↓↓↓

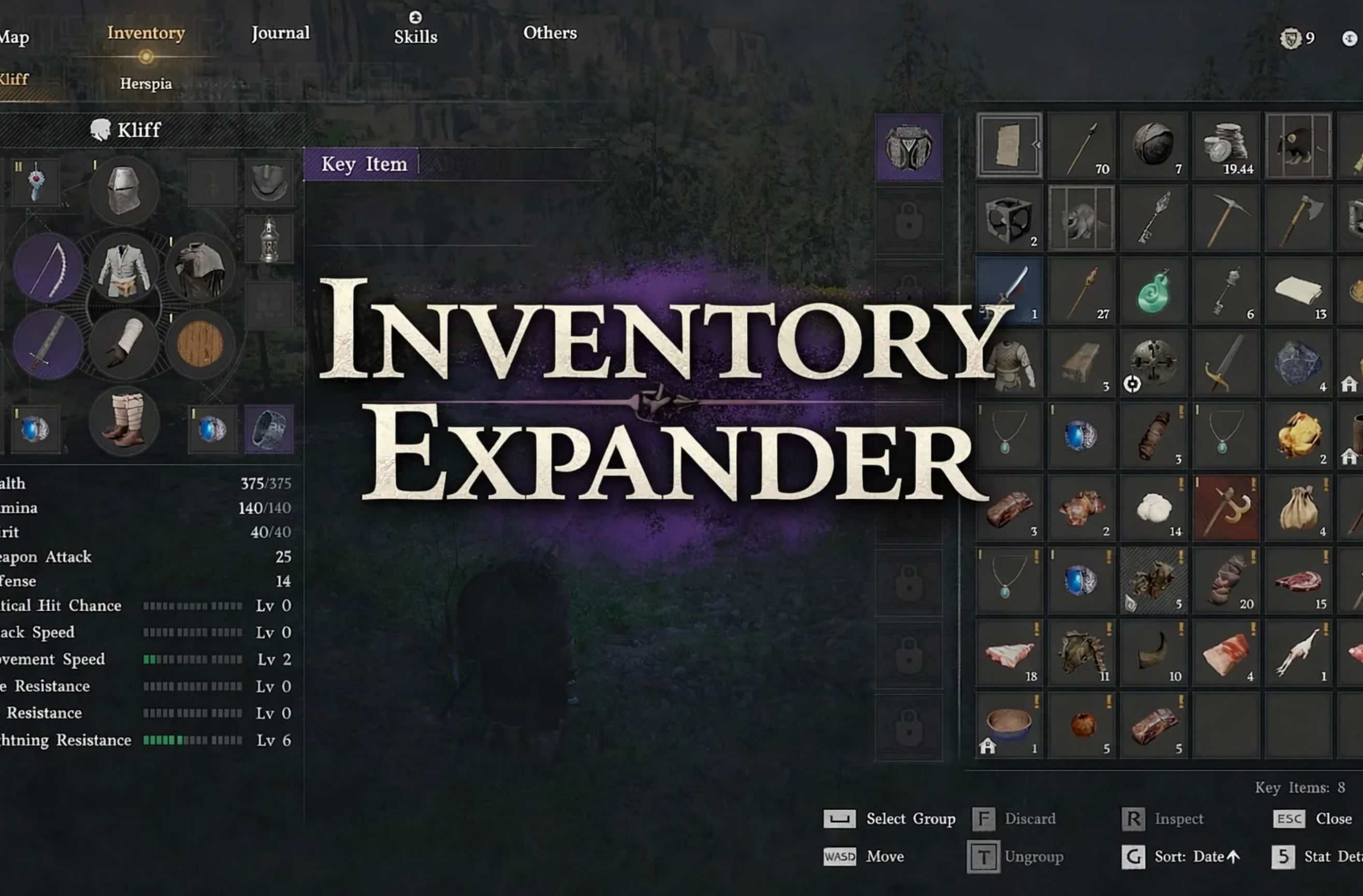 Inventory Expander v1.0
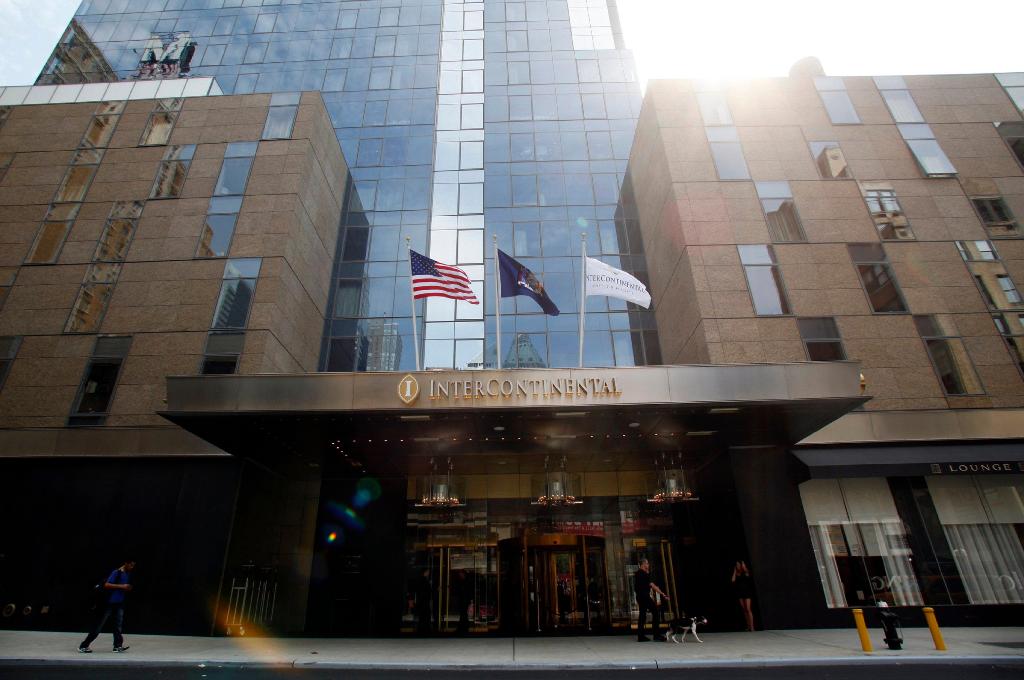 Imagem da galeria de Intercontinental New York Times Square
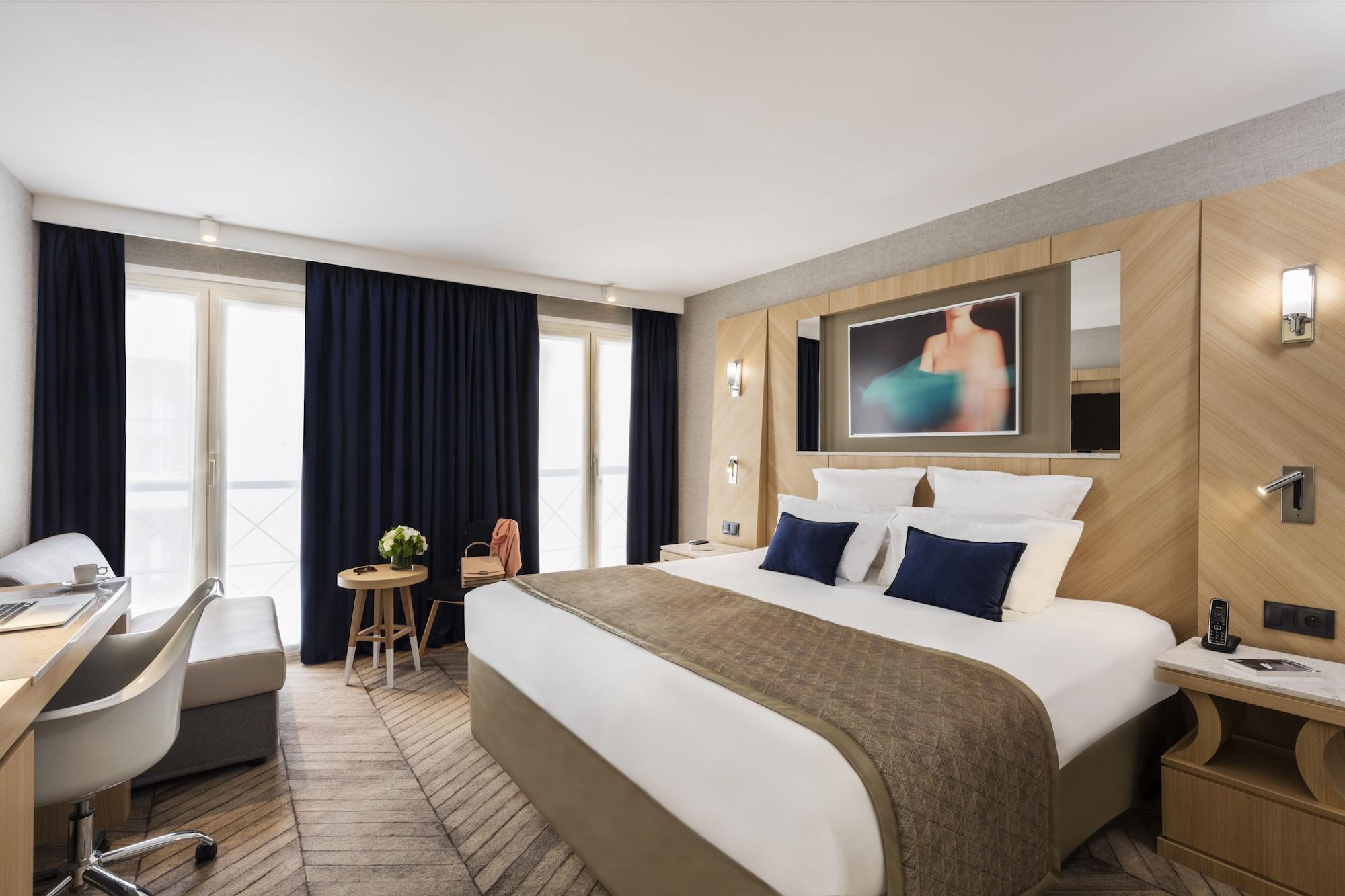 Hotel Louvre Saint-honoré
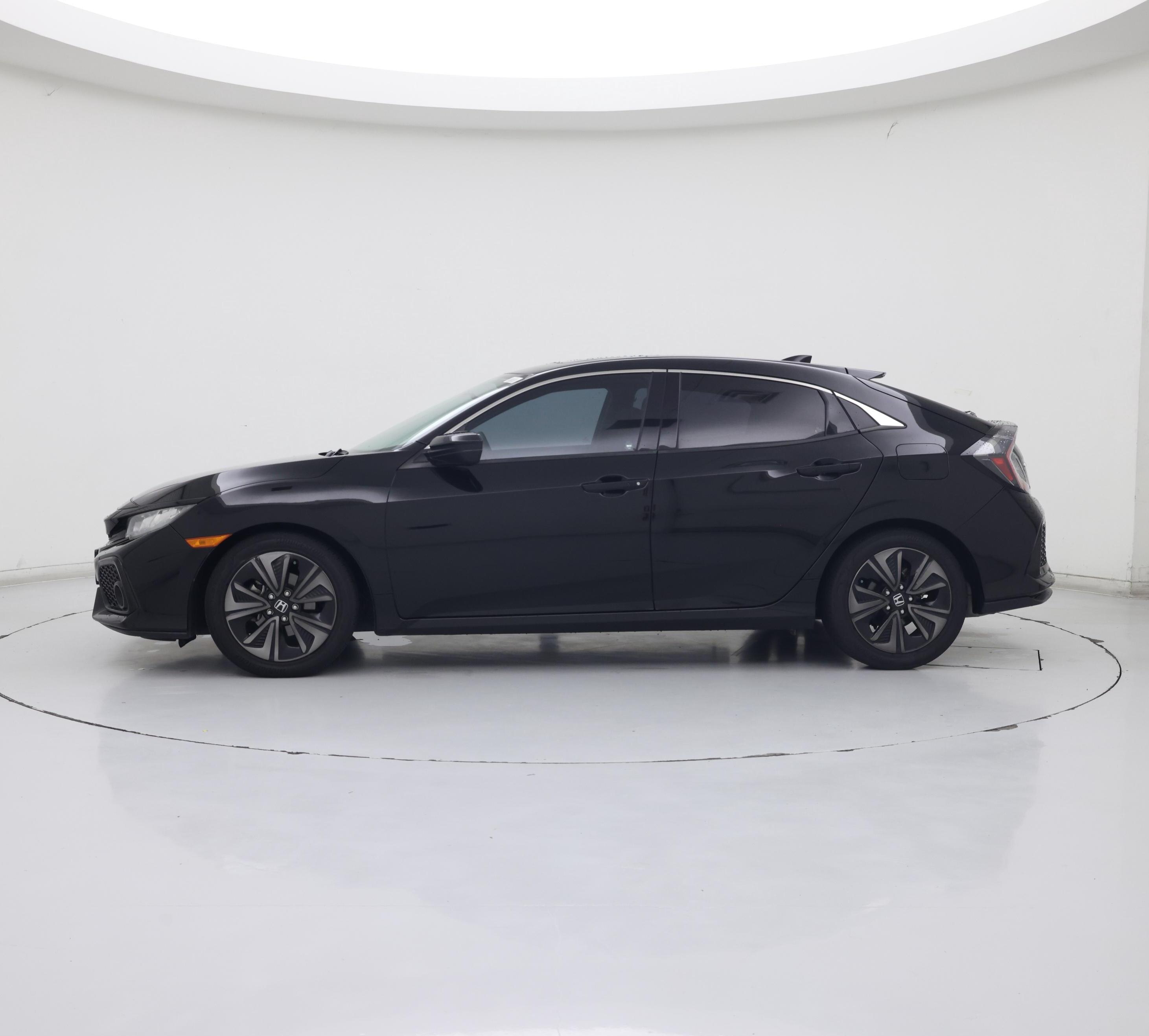 Thumbnail: 2018 Honda Civic - 3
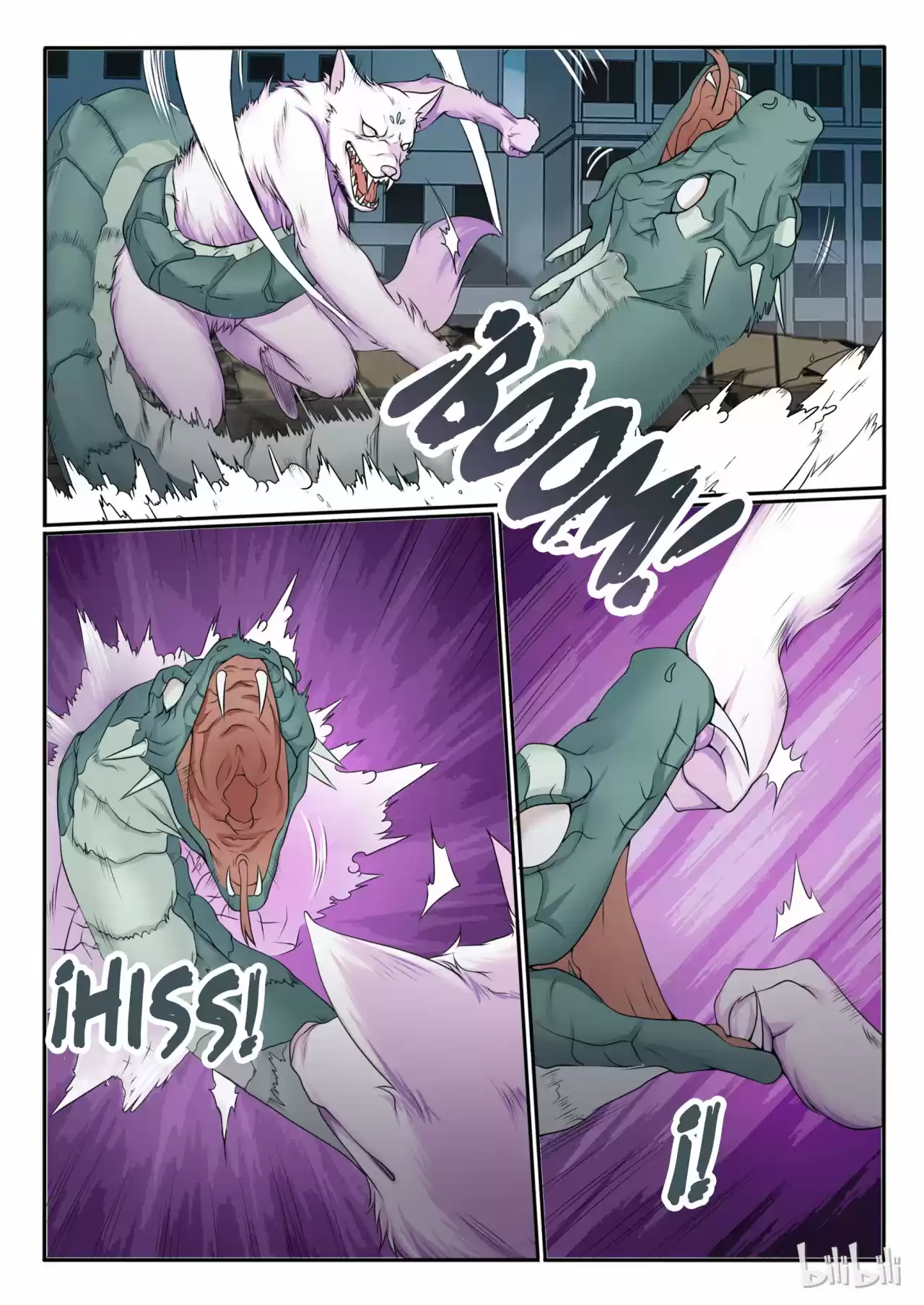My Wife Is A Fox Spirit - Capítulo 67 - Página 6 - LectorTMOo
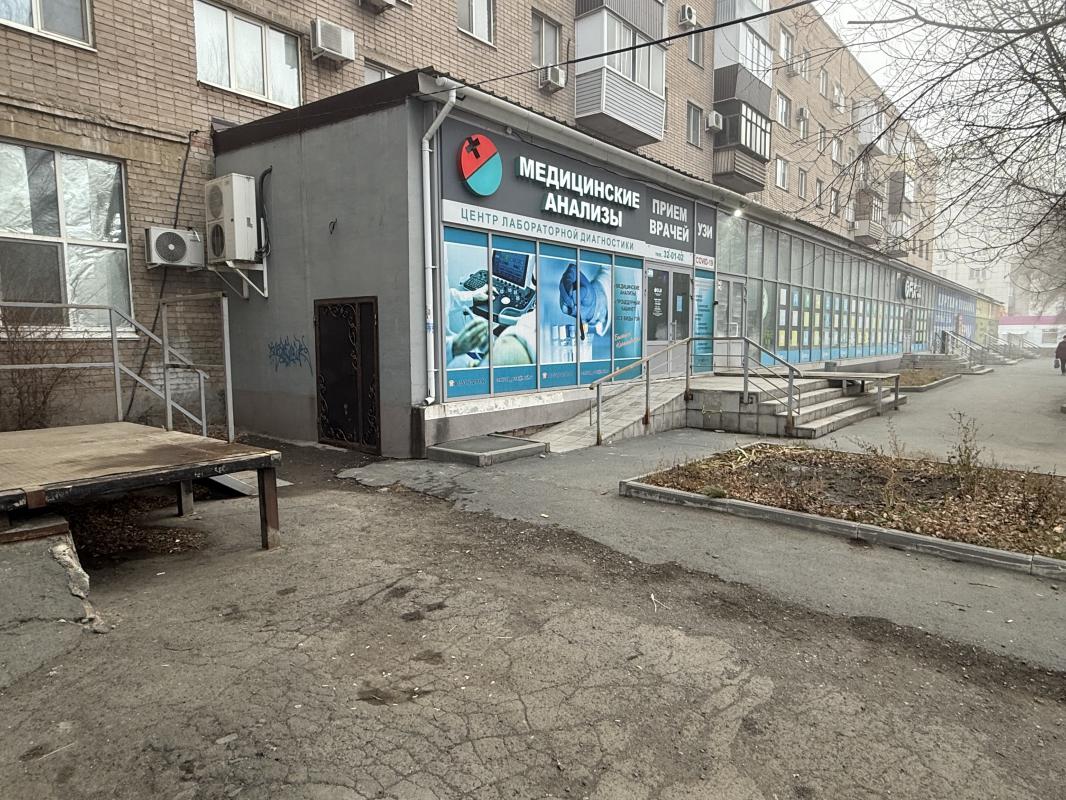 Сдам в аренду подвальное нежилое помещение 700 кв. - Новотроицк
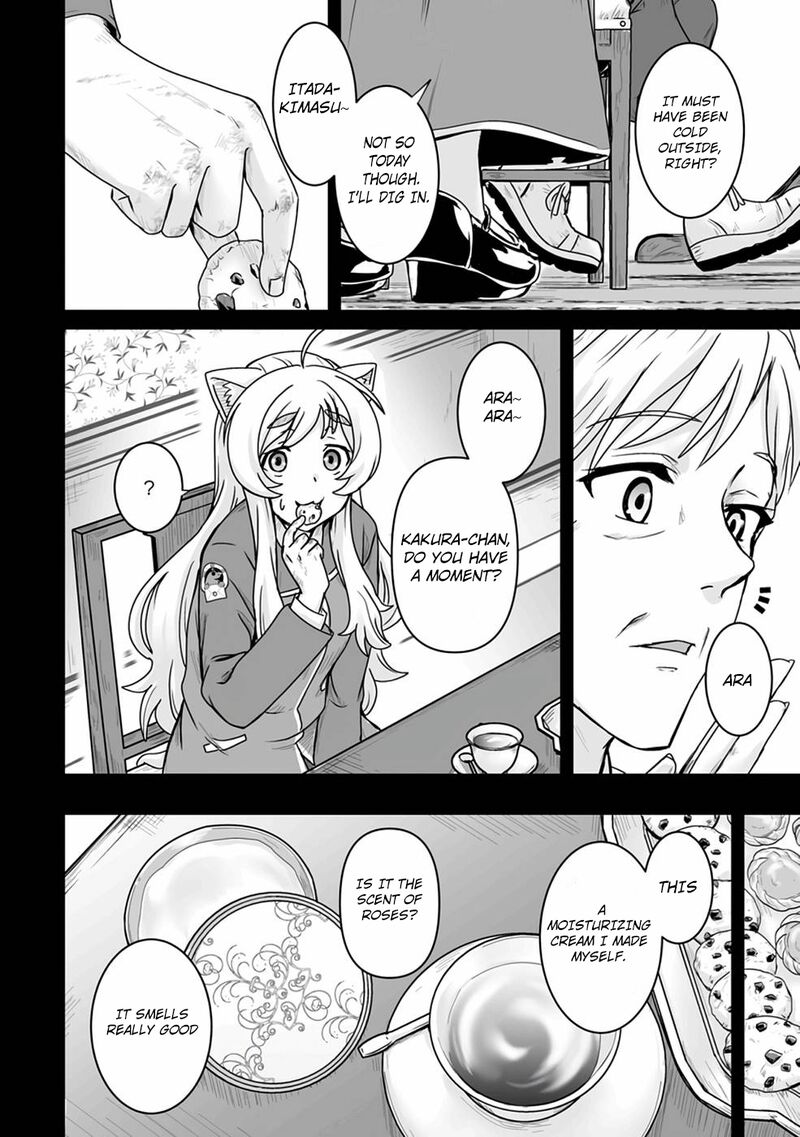 Isekai De Uwamae Hanete Ikiteiku Saisei Mahotsukai No Yuru Fuwa Jinzai Haken Seikatsu Chapter 17 Page 21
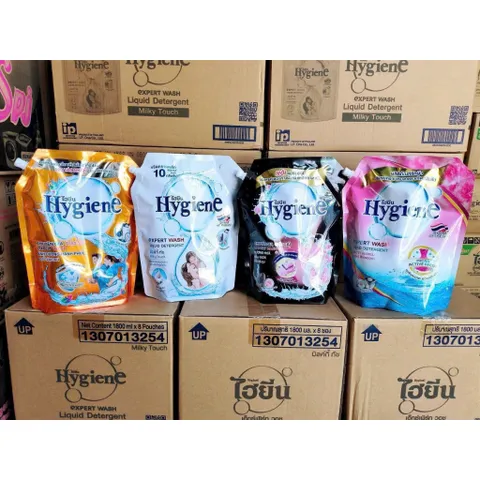 Nước Xả Vải Đậm Đặc Hygiene 1.1L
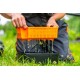 Cutie Momeli Guru Bait Box 5.3 Pint Orange (GBB012)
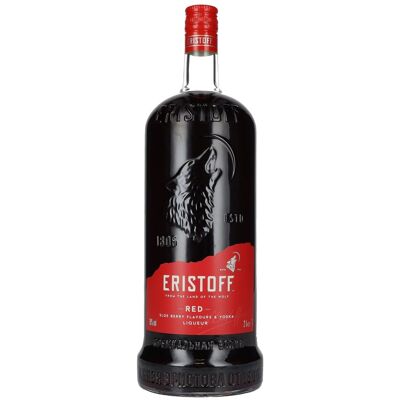 Eristoff Red Sloe Berry 18% Vol. 2l Eristoff Red Sloe Berry 18% Vol. 2l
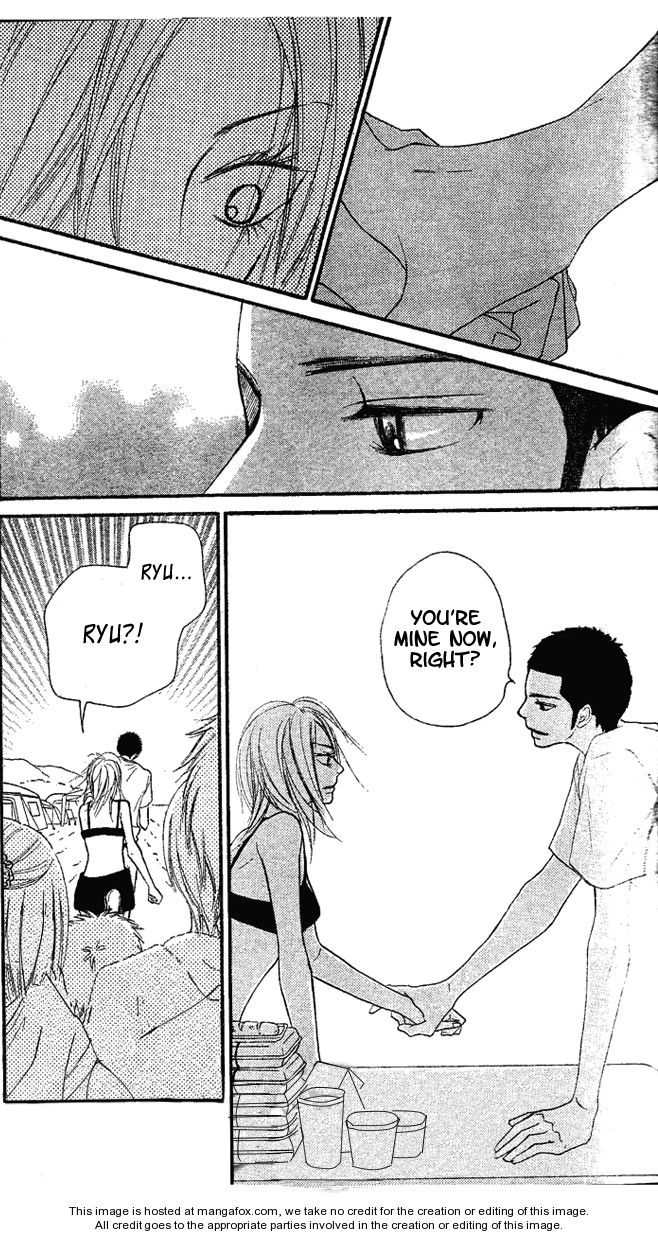 Read Kimi ni Todoke EN Manga Online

↑↑↑

◆ EXERCISE OBJECTIVE
Omit the pictures. Transcribe every record exactly.

◆ REPLY
 Inventory Expander v1.0
 Imagem da galeria de Intercontinental New York Times Square
 Hotel Louvre Saint-honoré
 Thumbnail: 2018 Honda Civic - 3
My Wife Is A Fox Spirit - Capítulo 67 - Página 6 - LectorTMOo
 Сдам в аренду подвальное нежилое помещение 700 кв. - Новотроицк
 Isekai De Uwamae Hanete Ikiteiku Saisei Mahotsukai No Yuru Fuwa Jinzai Haken Seikatsu Chapter 17 Page 21
 Nước Xả Vải Đậm Đặc Hygiene 1.1L
 Cutie Momeli Guru Bait Box 5.3 Pint Orange (GBB012)
 Eristoff Red Sloe Berry 18% Vol. 2l Eristoff Red Sloe Berry 18% Vol. 2l
 Read Kimi ni Todoke EN Manga Online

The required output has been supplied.